**Materials provided:**
* * * * *

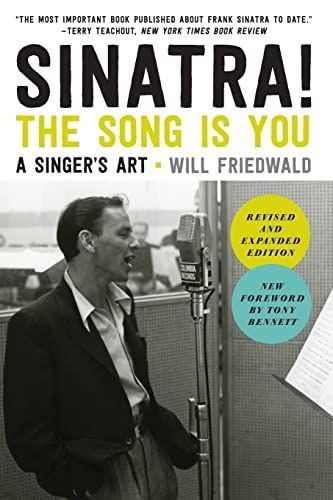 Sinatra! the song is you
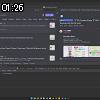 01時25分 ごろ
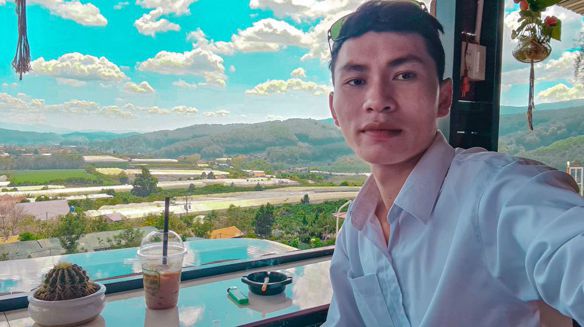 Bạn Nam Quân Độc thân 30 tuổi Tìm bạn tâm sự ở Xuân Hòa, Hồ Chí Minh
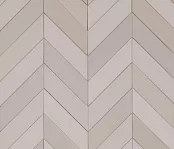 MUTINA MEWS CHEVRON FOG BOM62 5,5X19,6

* * * * *

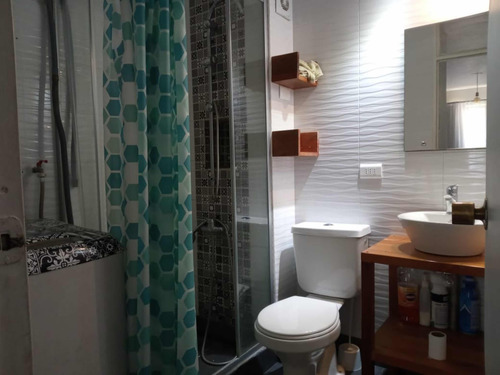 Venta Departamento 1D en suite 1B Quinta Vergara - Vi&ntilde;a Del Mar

* * * * *

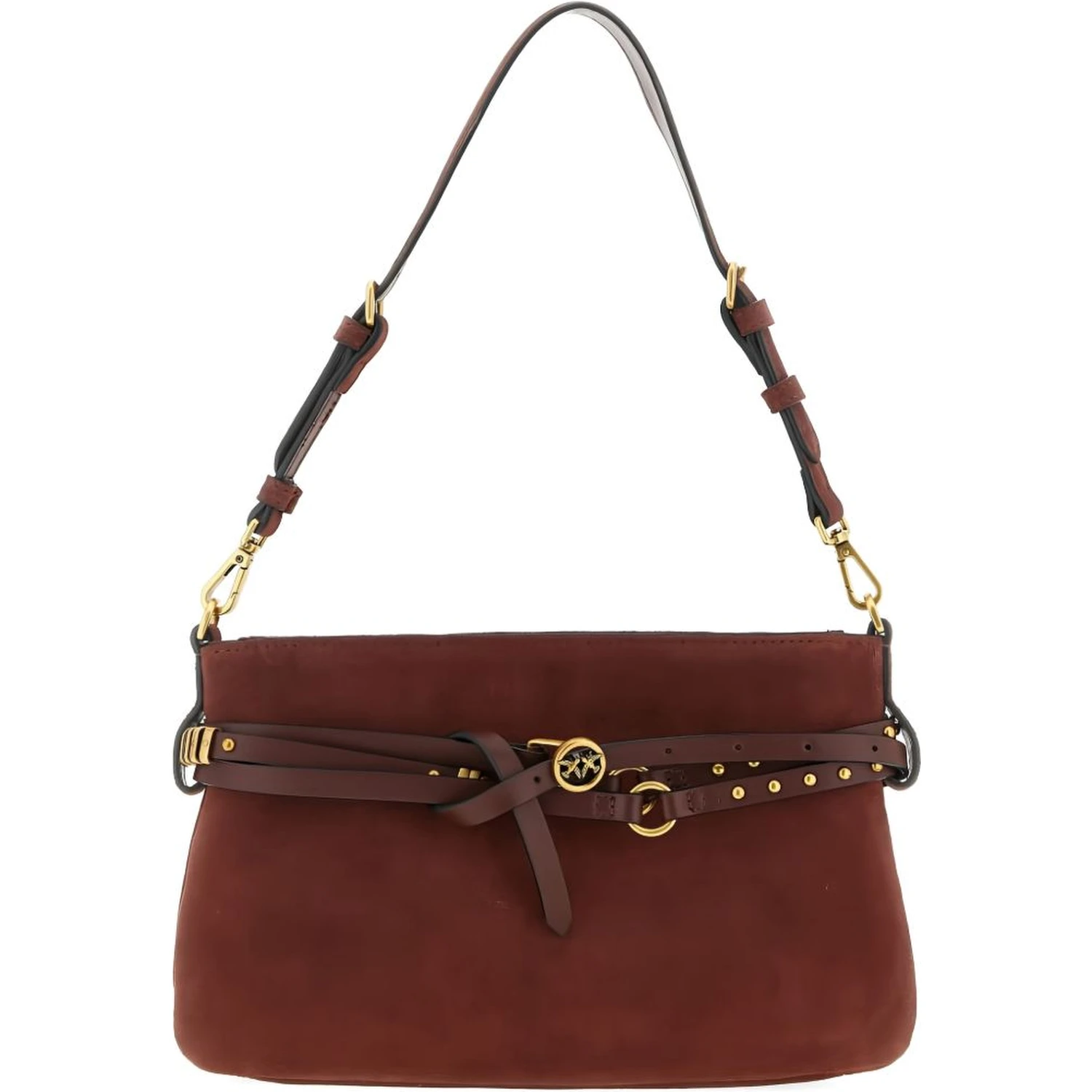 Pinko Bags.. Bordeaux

* * * * *

**What is being asked:**
Above are the records; copy from them only the lines starting at the one containing "Sinatra! the song is you" and ending at the one containing "MUTINA MEWS CHEVRON FOG BOM62 5,5X19,6", exactly and without pictures.

**Solution to this problem:**
 Sinatra! the song is you
 01時25分 ごろ
 Bạn Nam Quân Độc thân 30 tuổi Tìm bạn tâm sự ở Xuân Hòa, Hồ Chí Minh
 MUTINA MEWS CHEVRON FOG BOM62 5,5X19,6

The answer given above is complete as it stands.